The spring for the story was the diary, however, and that does belong to me. Douglas Morton, the young Australian corporal who writes the letter to his mother into the exercise book in the ANZAC Buffet was my grandfather. The details in the story are substantially correct: he volunteered as a child soldier, served at Gallipoli, contracted enteric fever there and was lucky to survive the evacuation from the peninsular. He convalesced in Gibraltar and England before going back into the conflict with the Australian forces to France where he was badly wounded. His mate, Eric, was with him through the conflict.
He wrote the diary letter for his mother in England after Gallipoli – just as in the story, Douglas omits the most interesting parts of the story – or at least, all the things that a modern reader might want to know. He says nothing about the horrors of war on the peninsular or the fear and filth that was the lot of soldiers in the Great War. All these things are airbrushed out; what remains is a sense of adventure, good mates together, a much loved captain, a kindly chaplain and gentle nurses when he is sick or wounded.
Through a century, the diary moved between generations in my family. On the death of Douglas’s mother, the diary came back to him. It then passed to his son, [also Douglas] and on his death, to me. It was in a battered cardboard suitcase when I found it clearing up my uncle’s property with my cousin. When I came to read it, I realised what an interesting treasure it was.
To my horror, the document began to disintegrate in my hands. I showed to my mother [Douglas’s daughter] and asked her permission to donate the book to the collection of the Australian War Memorial in Canberra. It will be presented to them in early November 2015.
I’m not very comfortable with the final draft of the story. There are some good parts, I think, including the diary itself and the wonderful life of the ANZAC Buffet and its founder, Mrs Minnie Rattigan: surely one of the unsung heroes of the Australian civilian war effort. The principal male character is, however, a problem. William remains too much a passive victim in the story and he speaks without a steady, authentic voice. I am also very conflicted about the presentation of sexual abuse hinted at in the text. The story telling technique is naïve and adult material is incongruent at one level. I’m hoping that the naïve style is actually a way of dealing with the dark matter of the story. There is too much talking and not enough doing in this story. All the same, this has a value as story for my family. And there is the delicious irony of Katie and Emily saving Douglas’s diary from the wicked Colonel; Douglas is, of course, their great-great grandfather.

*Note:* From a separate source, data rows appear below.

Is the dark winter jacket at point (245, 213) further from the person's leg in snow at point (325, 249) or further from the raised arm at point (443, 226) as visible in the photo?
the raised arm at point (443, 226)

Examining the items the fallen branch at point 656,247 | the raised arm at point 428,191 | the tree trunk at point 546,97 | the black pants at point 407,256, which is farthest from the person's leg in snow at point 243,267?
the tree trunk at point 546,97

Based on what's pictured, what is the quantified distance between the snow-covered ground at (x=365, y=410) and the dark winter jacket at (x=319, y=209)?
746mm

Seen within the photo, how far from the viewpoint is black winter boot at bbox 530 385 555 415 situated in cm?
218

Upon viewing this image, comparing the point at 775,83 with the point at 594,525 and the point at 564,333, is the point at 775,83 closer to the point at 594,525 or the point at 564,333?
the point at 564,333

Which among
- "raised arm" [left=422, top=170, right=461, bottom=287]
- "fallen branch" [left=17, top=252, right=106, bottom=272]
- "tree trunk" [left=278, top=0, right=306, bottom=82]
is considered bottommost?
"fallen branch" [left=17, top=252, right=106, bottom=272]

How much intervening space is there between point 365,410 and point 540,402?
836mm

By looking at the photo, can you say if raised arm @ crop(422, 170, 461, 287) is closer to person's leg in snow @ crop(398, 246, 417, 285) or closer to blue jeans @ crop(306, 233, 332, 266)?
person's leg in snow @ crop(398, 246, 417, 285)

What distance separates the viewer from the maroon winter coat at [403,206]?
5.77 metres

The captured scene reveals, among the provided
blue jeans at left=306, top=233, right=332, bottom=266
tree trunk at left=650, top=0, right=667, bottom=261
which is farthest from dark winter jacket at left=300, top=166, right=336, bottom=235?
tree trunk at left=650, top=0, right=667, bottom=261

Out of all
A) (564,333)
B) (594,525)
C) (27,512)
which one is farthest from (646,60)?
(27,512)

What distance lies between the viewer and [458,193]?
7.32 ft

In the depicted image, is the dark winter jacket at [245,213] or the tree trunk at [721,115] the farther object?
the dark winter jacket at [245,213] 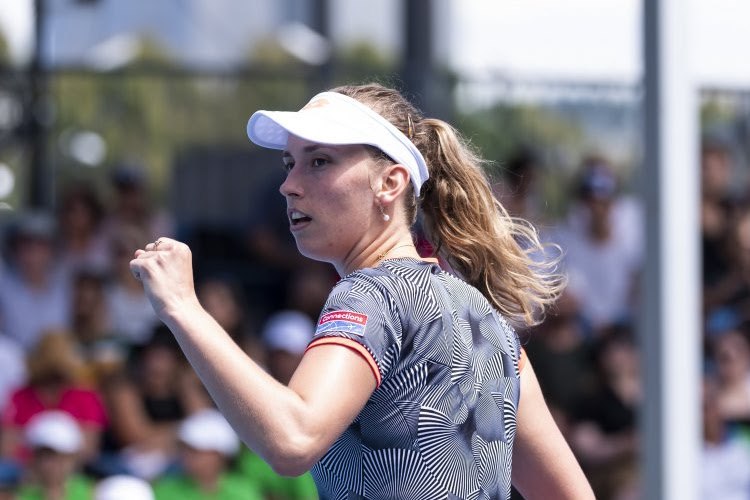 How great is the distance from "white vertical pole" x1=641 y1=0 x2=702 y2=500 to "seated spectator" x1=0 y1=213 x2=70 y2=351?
174 inches

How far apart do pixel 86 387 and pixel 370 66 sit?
15.5 feet

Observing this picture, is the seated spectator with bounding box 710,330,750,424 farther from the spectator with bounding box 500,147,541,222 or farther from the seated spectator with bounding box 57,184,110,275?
the seated spectator with bounding box 57,184,110,275

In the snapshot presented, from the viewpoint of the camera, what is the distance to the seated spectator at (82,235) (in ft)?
26.2

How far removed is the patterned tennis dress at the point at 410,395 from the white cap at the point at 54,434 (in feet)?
14.1

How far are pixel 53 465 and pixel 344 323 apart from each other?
A: 4.55 metres

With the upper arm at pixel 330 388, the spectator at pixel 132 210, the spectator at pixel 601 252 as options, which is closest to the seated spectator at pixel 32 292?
the spectator at pixel 132 210

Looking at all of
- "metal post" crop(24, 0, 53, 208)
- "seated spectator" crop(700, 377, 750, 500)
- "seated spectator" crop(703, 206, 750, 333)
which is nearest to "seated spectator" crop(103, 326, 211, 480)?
"seated spectator" crop(700, 377, 750, 500)

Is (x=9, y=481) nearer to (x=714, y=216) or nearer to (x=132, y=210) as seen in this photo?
(x=132, y=210)

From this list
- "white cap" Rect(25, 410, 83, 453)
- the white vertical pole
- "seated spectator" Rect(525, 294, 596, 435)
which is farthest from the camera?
"seated spectator" Rect(525, 294, 596, 435)

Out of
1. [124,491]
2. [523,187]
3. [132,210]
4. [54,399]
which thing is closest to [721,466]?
[523,187]

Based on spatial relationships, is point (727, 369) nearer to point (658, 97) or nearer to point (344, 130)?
point (658, 97)

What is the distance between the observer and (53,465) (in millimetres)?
6254

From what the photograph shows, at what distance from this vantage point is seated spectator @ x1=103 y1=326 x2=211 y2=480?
22.4ft

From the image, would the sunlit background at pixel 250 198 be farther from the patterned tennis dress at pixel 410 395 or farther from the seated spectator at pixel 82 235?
the patterned tennis dress at pixel 410 395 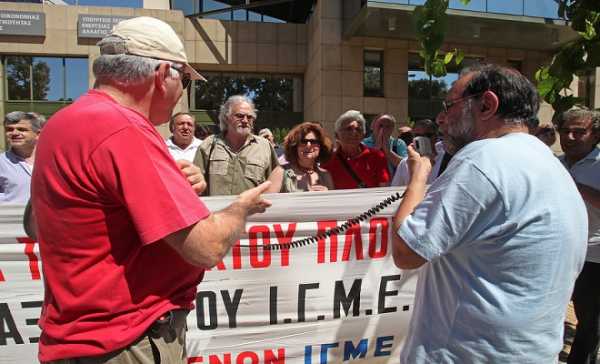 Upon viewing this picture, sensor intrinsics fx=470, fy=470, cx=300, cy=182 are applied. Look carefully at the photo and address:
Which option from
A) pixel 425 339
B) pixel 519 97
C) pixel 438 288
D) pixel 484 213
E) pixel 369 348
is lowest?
pixel 369 348

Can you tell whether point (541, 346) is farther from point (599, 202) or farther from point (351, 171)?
point (351, 171)

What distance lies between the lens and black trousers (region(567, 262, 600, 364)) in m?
3.34

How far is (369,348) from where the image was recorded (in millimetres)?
3133

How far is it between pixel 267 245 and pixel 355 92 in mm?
14889

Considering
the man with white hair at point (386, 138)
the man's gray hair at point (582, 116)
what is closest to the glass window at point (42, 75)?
the man with white hair at point (386, 138)

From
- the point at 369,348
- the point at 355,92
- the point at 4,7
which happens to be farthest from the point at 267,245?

I have taken some liberties with my grandfather’s story and I should acknowledge these. In the story, Douglas is in London recovering from wounds in 1918. In fact, he was badly wounded in an engagement within the Battle of Pozieres in August 1916 and returned to Australia with the injuries described in the story in that year. After a restless year, he managed to convince the Australian recruiting officers that he was fit for active service and volunteered to return to France in 1918. He was on a troop ship in Auckland harbour in November 1918 when the Armistice was signed – and remained there for some time as his ship was in quarantine for Spanish ‘flu.